Description of the task
Could you repeat the entries below exactly, but only from the line with "Lucy online show from October 15, 2:17 pm" through the line with "232 N 6th St, Clinton, IA, 52732-7116", and without any picture?

Dataset excerpts
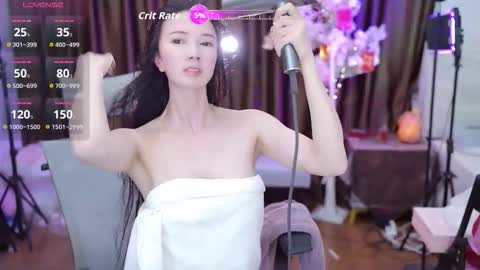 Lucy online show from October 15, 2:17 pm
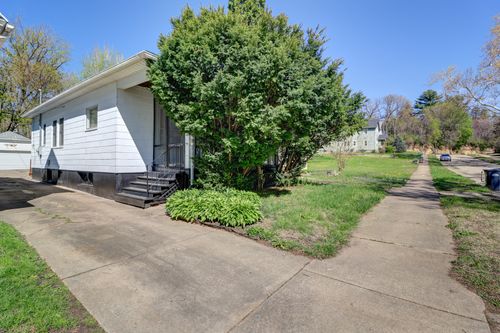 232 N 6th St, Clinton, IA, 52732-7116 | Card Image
...
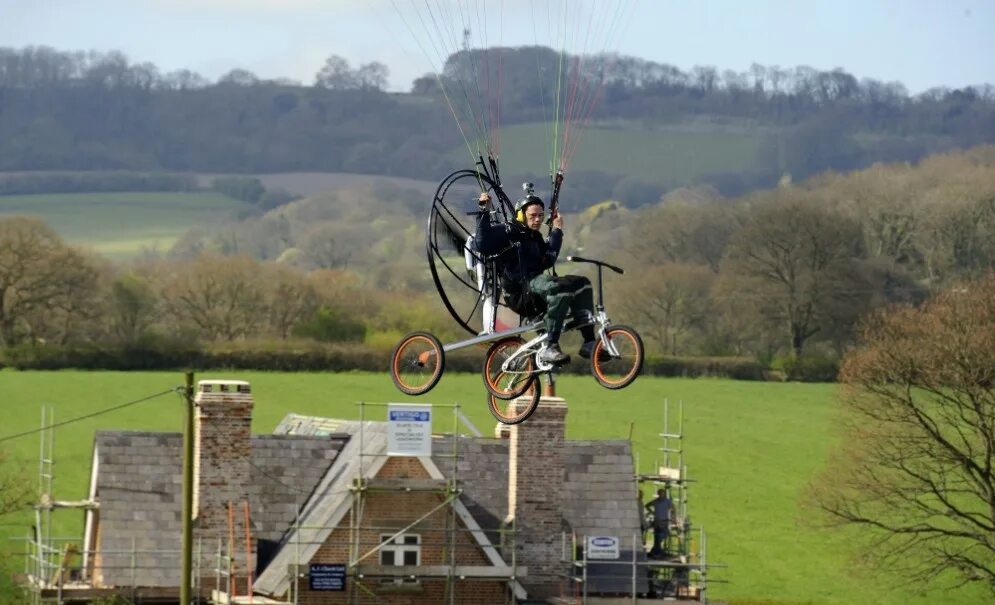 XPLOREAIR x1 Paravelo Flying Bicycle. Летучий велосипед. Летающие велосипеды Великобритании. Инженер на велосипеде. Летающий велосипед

Reply
 Lucy online show from October 15, 2:17 pm
 232 N 6th St, Clinton, IA, 52732-7116 | Card Image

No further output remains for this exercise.